:: Work to complete ::
In the listing beneath this line, copy exactly the lines starting with the one containing "Siem Reap Private" and going on through the one containing "Image No.5-4 Bed Property for sale".

:: Entries provided ::
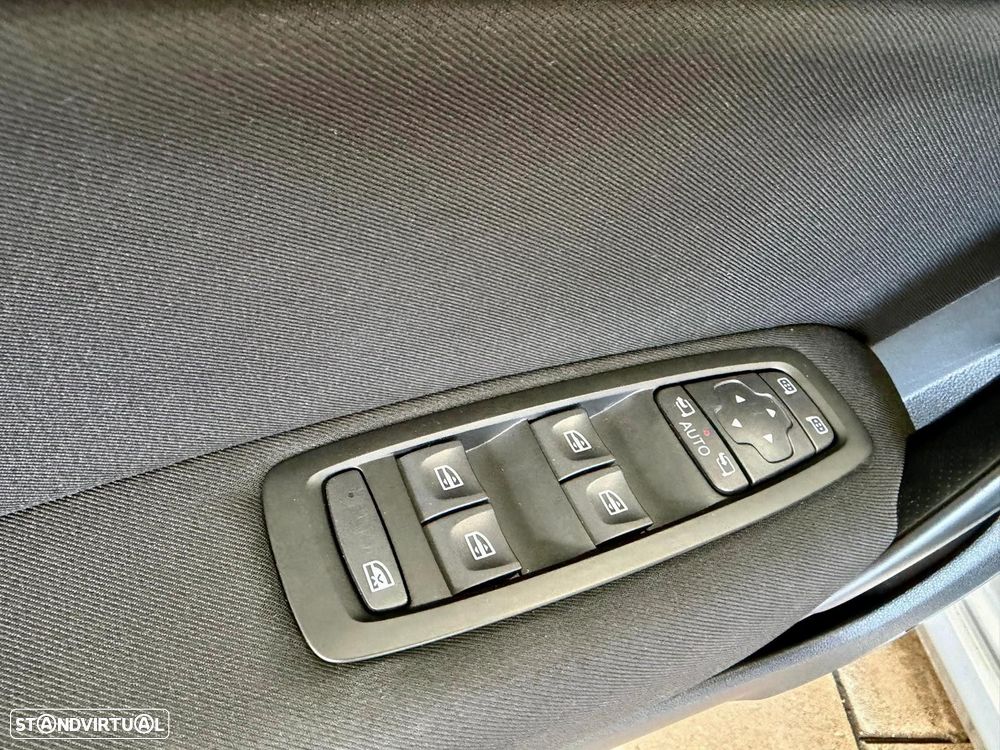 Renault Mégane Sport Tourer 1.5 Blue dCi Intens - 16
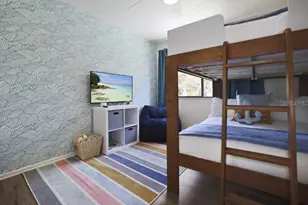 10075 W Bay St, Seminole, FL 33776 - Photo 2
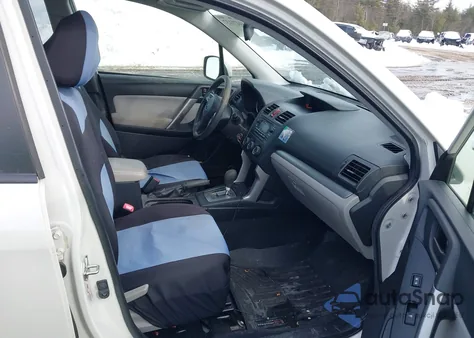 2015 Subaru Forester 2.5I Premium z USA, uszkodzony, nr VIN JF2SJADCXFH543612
--
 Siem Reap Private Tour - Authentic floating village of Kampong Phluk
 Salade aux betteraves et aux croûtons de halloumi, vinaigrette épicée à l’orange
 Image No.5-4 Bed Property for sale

:: Written answer ::
 Siem Reap Private Tour - Authentic floating village of Kampong Phluk
 Salade aux betteraves et aux croûtons de halloumi, vinaigrette épicée à l’orange
 Image No.5-4 Bed Property for sale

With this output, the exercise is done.